Animation get an excellent Parisian steampunk makeover…
April and the Extraordinary World (2016)
Directors: Christian Desmares, Franck Ekinci
Stars: Marion Cotillard, Philippe Katerine, Jean Rochefort, Olivier Gourmet
You can't be mad at the fact that Disney's animated smash Zootopia opened on over 3,000 screens—it's on par with the company’s recent Oscar nominee Inside Out. But you can bemoan the fact that the French animated knockout April and the Extraordinary World is only opening on one screen in New York City this weekend, even though it’s just as good as, if not better than, Zootopia, and also equally as socially conscious. Whereas Disney’s cheery flick subtly addresses America’s race relations, co-directors' Christian Desmares and Franck Ekinci's steampunk action-thriller masks its anti-pollution themes in gorgeous, old-school-reminiscent animation. And their ode to French graphic novelist Jacques Tardi deserves the same amount of eyes as Judy the bunny’s kiddie crime noir.
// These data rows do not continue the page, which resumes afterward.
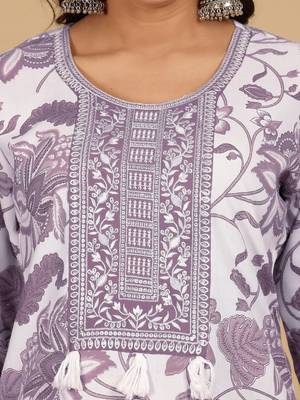 Floral Printed Straight Kurta With Trousers 3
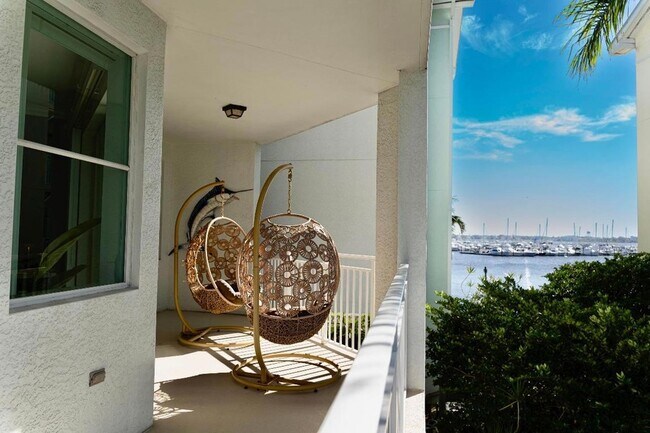 Building Photo - 815 NW Flagler Ave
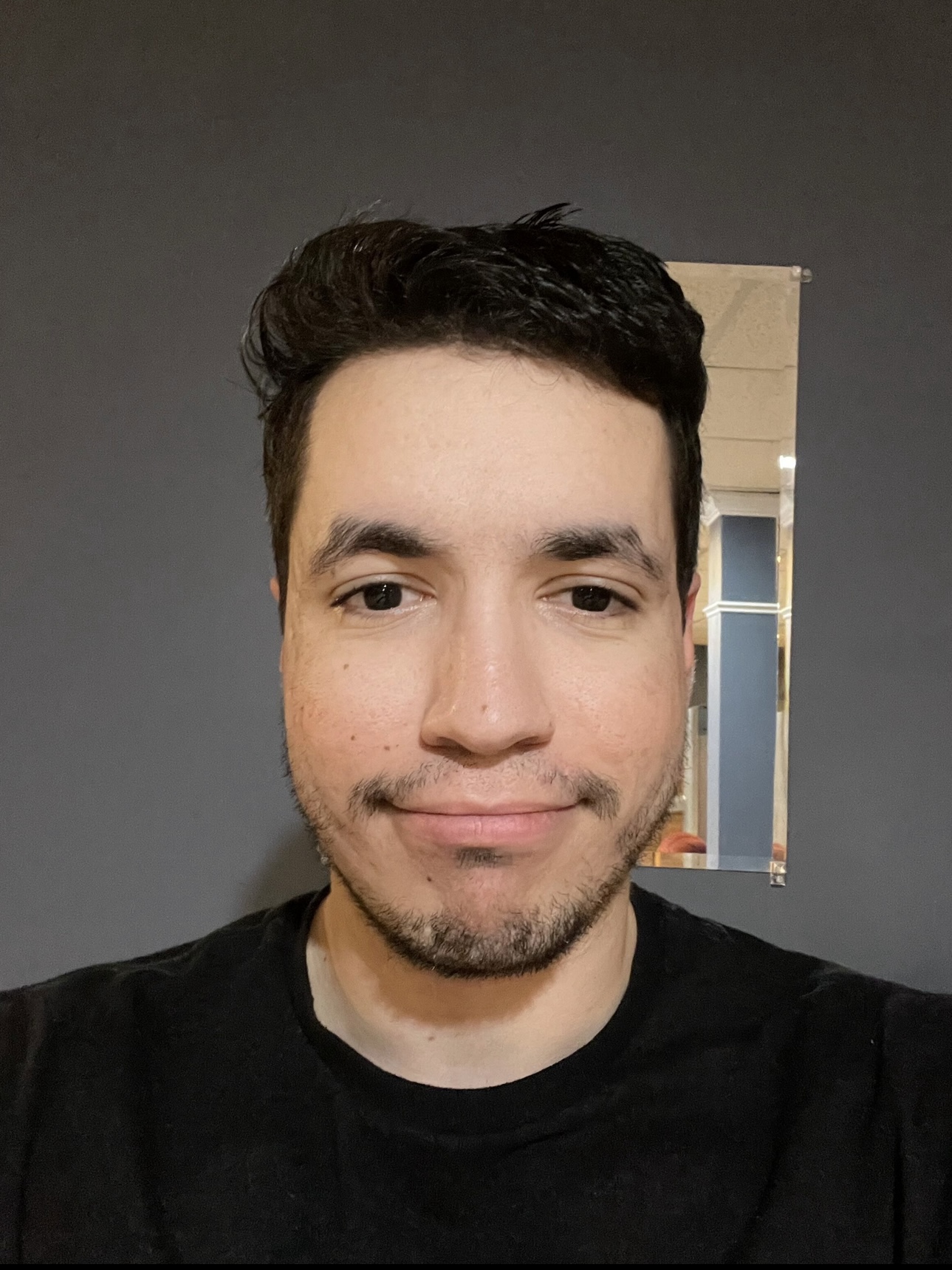 Tinder profile picture for @bates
Defying ageism, the 40-year-old Marion Cotillard voices a teenage orphan named April, whose closest friend is Darwin, a talking cat (voiced by Philippe Katerine); it's 1941, and April's scientist parents have vanished, leaving their home city of Paris devoid of electricity, dependent on coal and steam for energy, and, due to the rampant pollution, losing its vegetation by the day. As France's capital city's conditions worsen, it's up to April to continue her parents’ work with a powerful serum that, if put into the wrong hands, could bring about a worldwide doomsday.
April and the Extraordinary World’s limited release makes sense once you're in its wonderfully realized universe—most parents aren't exactly anxious to bring their children to the local shopping mall's movie theater to watch a retro toon with allusions to dystopian, serial-inspired adventures like Sky Captain and the World of Tomorrow. But they should be. While its social-political satire is thick, the beautifully rendered April and the Extraordinary World works exceptionally well as a funny, action-packed animated romp. That it's been produced at a richer and higher caliber than what’s currently being made by American studios is the added bonus that's waiting for moviegoers who exist beyond AMC multiplexes.